While the Brady Campaign united with the Million Mom March does not seek to prevent law-abiding citizens from owning, using, or purchasing firearms, people have the right to know the true risks associated with keeping a gun in the home. The fallacy that a home is safer with a gun in it and that a gun is a necessary means of self-protection is widely promoted by the gun lobby. The gun lobby also downplays or ignores the risks families take when they introduce a gun into the home.
Does a Gun in the Home Make You Safer?
No. Despite claims by the National Rifle Association (NRA) that you need a gun in your home to protect yourself and your family, public health research demonstrates that the person most likely to shoot you or a family member with a gun already has the keys to your house. Simply put: guns kept in the home for self-protection are more often used to kill somebody you know than to kill in self-defense; 22 times more likely, according to a 1998 study by the Journal of Trauma.[1]

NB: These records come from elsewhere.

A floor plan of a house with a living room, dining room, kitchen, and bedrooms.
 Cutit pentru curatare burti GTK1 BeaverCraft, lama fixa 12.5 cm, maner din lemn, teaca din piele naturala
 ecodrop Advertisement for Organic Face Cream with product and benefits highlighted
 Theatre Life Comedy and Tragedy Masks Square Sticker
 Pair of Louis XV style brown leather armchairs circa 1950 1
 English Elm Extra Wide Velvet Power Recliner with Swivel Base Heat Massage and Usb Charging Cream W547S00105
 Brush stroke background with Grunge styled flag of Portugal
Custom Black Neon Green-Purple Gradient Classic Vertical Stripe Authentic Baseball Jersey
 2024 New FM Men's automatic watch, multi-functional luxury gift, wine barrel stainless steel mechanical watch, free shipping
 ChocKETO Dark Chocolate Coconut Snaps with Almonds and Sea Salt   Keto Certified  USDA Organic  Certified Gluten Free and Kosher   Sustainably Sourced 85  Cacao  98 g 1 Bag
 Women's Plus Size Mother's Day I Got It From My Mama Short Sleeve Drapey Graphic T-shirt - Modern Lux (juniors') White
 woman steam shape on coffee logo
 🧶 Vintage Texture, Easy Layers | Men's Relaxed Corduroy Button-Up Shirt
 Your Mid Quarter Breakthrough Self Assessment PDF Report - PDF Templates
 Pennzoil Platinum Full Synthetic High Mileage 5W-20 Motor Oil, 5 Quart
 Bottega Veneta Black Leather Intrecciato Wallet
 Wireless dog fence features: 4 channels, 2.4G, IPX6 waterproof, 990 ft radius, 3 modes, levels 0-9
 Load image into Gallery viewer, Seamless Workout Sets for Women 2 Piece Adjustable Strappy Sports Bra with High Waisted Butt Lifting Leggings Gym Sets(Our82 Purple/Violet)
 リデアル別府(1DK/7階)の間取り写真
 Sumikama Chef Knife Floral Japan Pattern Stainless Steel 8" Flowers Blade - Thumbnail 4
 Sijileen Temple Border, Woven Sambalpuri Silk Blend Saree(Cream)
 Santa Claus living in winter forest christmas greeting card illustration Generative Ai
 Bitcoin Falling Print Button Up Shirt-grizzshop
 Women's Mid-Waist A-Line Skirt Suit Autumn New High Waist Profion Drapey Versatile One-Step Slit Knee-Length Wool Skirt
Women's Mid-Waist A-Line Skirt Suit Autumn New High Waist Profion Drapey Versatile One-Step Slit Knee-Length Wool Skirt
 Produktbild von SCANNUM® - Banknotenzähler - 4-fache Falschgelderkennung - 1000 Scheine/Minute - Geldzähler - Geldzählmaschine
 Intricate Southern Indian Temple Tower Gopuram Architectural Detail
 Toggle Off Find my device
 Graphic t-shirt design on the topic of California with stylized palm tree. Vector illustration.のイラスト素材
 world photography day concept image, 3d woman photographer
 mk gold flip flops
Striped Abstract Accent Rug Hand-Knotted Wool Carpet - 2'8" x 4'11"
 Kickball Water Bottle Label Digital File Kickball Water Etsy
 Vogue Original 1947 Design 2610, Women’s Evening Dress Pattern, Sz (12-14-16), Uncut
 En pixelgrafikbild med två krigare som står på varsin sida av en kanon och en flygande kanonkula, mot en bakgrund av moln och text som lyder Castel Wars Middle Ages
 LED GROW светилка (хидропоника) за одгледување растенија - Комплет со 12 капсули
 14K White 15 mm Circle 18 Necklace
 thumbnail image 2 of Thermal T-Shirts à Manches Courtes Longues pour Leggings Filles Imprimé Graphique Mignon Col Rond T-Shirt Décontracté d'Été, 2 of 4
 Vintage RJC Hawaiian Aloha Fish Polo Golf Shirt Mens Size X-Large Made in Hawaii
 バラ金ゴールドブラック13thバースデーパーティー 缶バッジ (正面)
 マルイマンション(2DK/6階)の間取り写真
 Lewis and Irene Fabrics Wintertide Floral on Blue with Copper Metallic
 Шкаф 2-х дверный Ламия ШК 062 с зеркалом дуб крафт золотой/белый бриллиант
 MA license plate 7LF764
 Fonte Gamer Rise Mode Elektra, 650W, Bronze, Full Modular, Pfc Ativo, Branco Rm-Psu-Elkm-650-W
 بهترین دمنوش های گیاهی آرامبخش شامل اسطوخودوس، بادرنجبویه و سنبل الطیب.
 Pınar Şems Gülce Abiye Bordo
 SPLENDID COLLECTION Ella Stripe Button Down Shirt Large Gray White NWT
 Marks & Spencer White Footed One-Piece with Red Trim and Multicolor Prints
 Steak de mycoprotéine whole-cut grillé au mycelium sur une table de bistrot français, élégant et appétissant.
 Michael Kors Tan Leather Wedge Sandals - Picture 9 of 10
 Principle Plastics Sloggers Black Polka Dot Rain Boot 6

More kids, teenagers and adult family members are dying from firearms in their own home than criminal intruders. When someone is home, a gun is used for protection in fewer than two percent of home invasion crimes.[2] You may be surprised to know that, in 1999, according to the FBI's Uniform Crime Report, there were only 154 justifiable homicides committed by private citizens with a firearm compared with a total of 8,259 firearm murders in the United States. Once a bullet leaves a gun, who is to say that it will stop only a criminal and not a family member? Yet at every opportunity the NRA uses the fear of crime to promote the need for ordinary citizens to keep guns in their home for self-protection. Furthermore, the NRA continues to oppose life-saving measures that require safe-storage of guns in the home.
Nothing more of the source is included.